- _AVAILABLE RECORDS_:
• • •

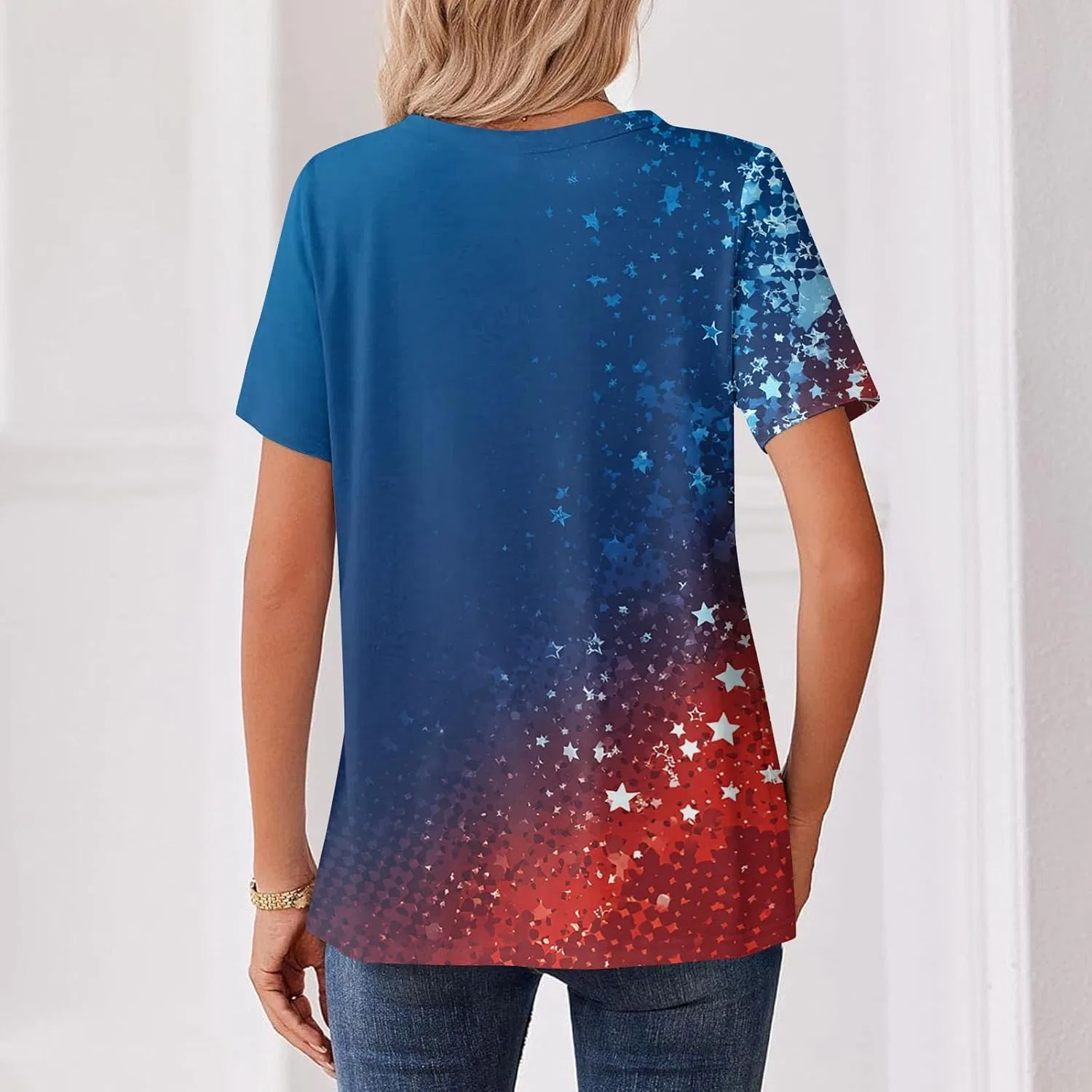 Блуза женская с флагом США, Casual Fit, короткий рукав, V-образный вырез, цвет 2-vermilion — фото 3
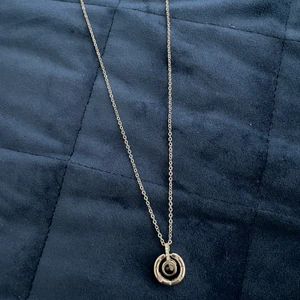 ”Jag älskar dig” på hundra olika språk halsband  - Den helt nya silverfärgade halsbandet som får din partner att älska dig ett steg mer. Inuti glasburen står det ”jag älskar dig” på hundra olika språk. 1 för 89 + frakt  2 för 178 + fri frakt  3 för 270 + fri frakt + gratis ring 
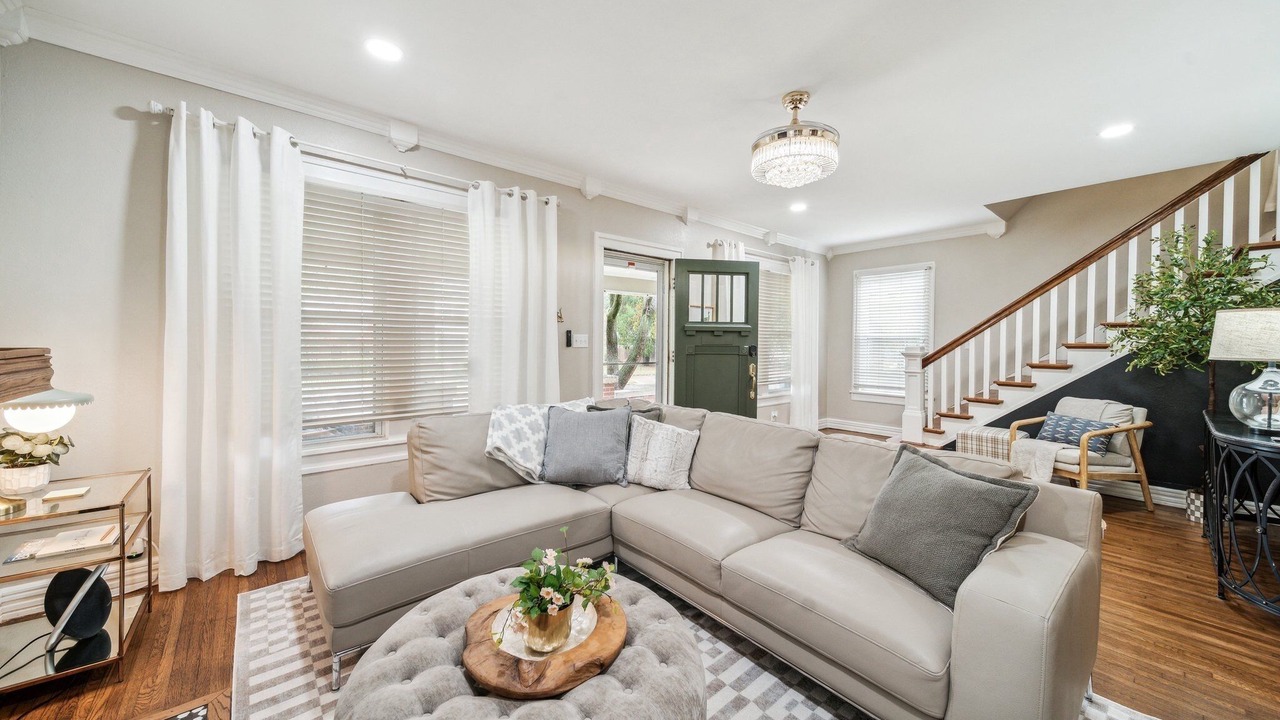 Photo of Livingroom in Downtown Tulsa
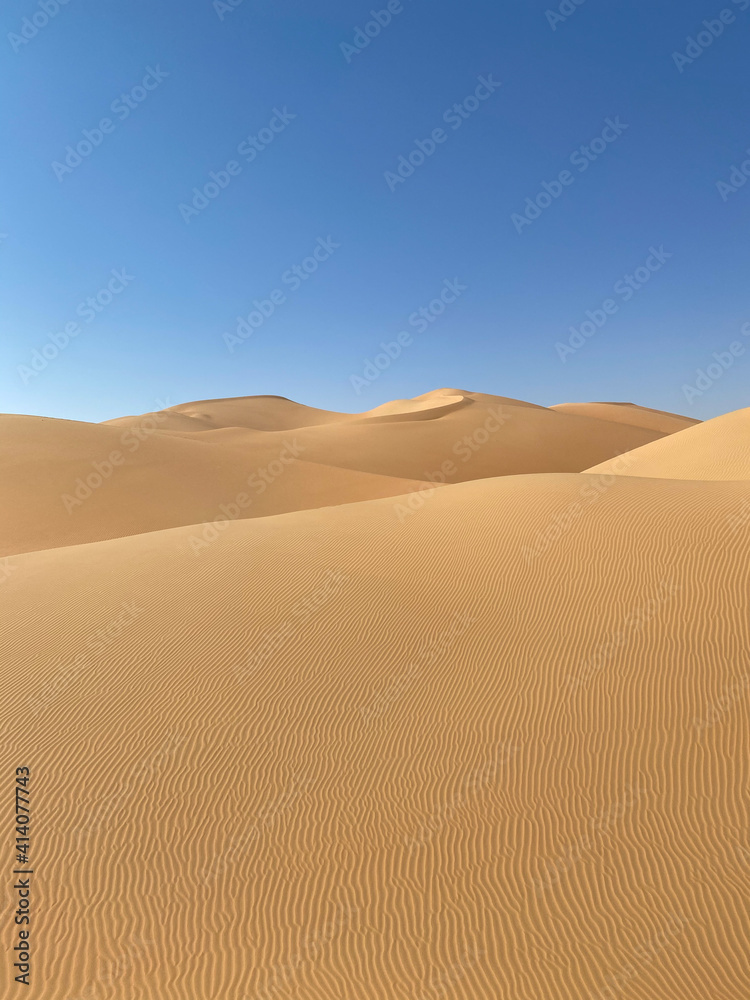 简单抽象的沙漠风景，沙丘和蓝天。阿联酋阿布扎比的利瓦沙漠。
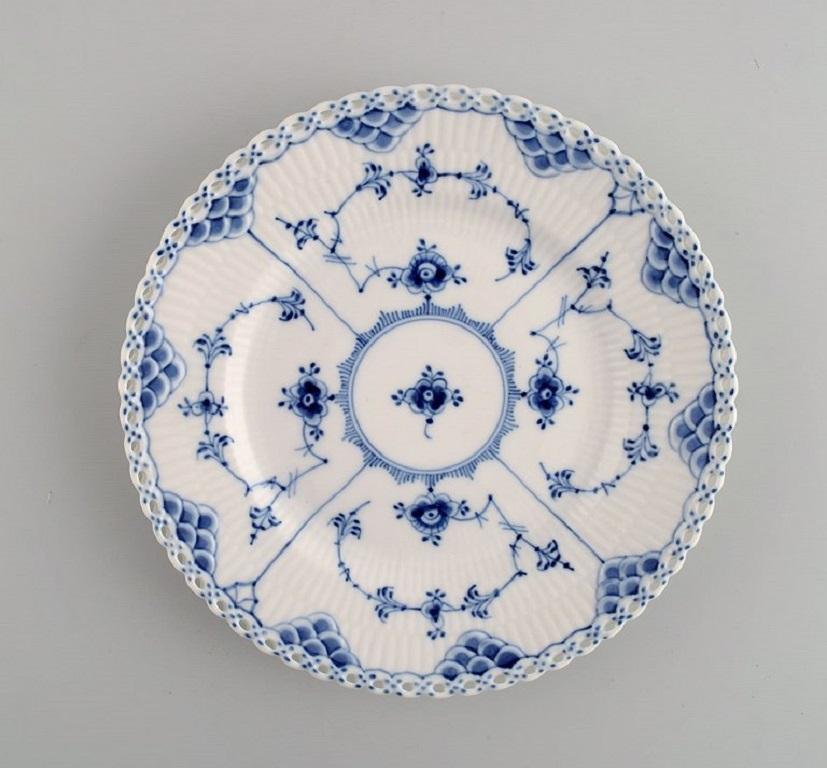 12 Royal Copenhagen Blue Fluted Full Lace Plates. 
Model number 1/1087. 
Mid-20th century.
Diameter: 17.5 cm.
In excellent condition.
Stamped.
1st factory quality.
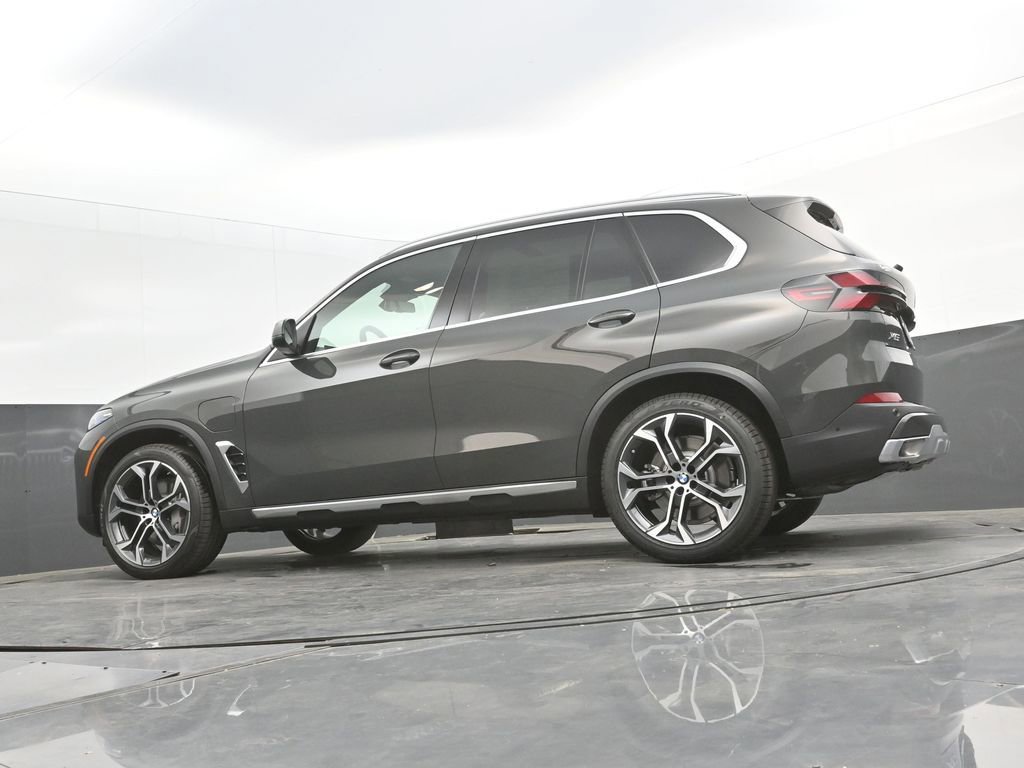 New 2026 BMW X5 xDrive50e AWD/4WD image 49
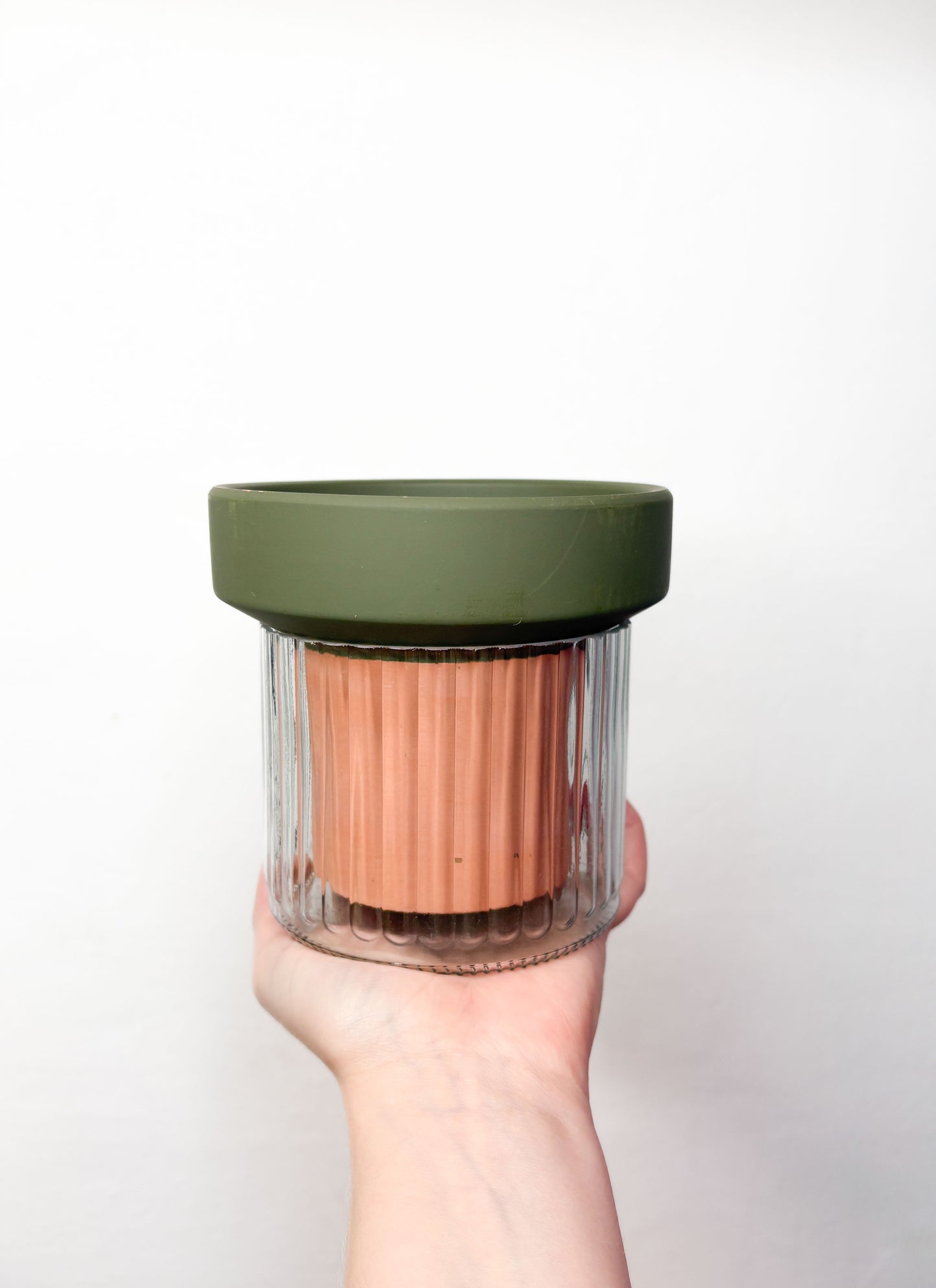Pot with a self-watering system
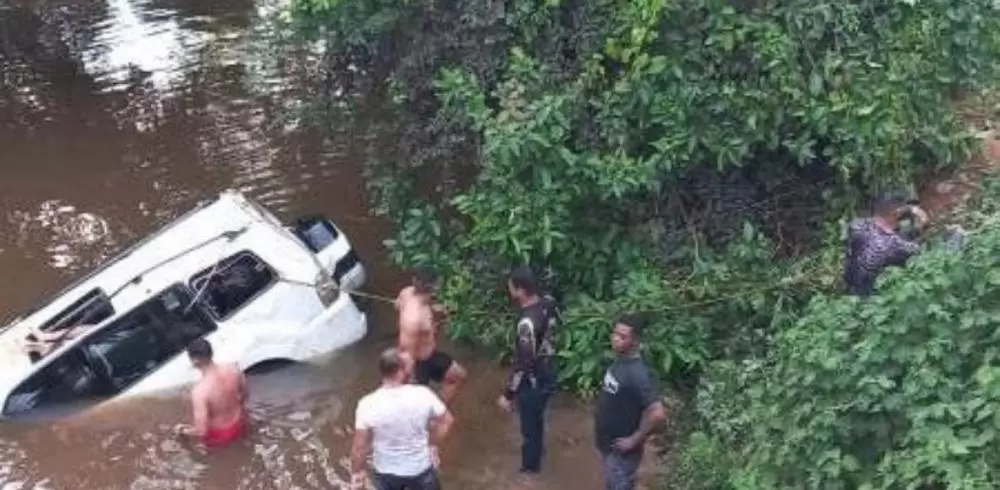 TANGARÁ DA SERRA EM LUTO - Carro de médica cai dentro de rio e cinco pessoas morrem afogadas próximo a Pimenteiras TANGARÁ DA SERRA EM LUTO - Carro de médica cai dentro de rio e cinco pessoas morrem afogadas próximo a Pimenteiras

• • •

- _TASK DESCRIPTION_: Write out the lines above from the one with "Model number 1/1087." through the one with "Pot with a self-watering system", ends included, exactly; no picture goes in.

- _REPLY_:
Model number 1/1087. 
Mid-20th century.
Diameter: 17.5 cm.
In excellent condition.
Stamped.
1st factory quality.
 New 2026 BMW X5 xDrive50e AWD/4WD image 49
Pot with a self-watering system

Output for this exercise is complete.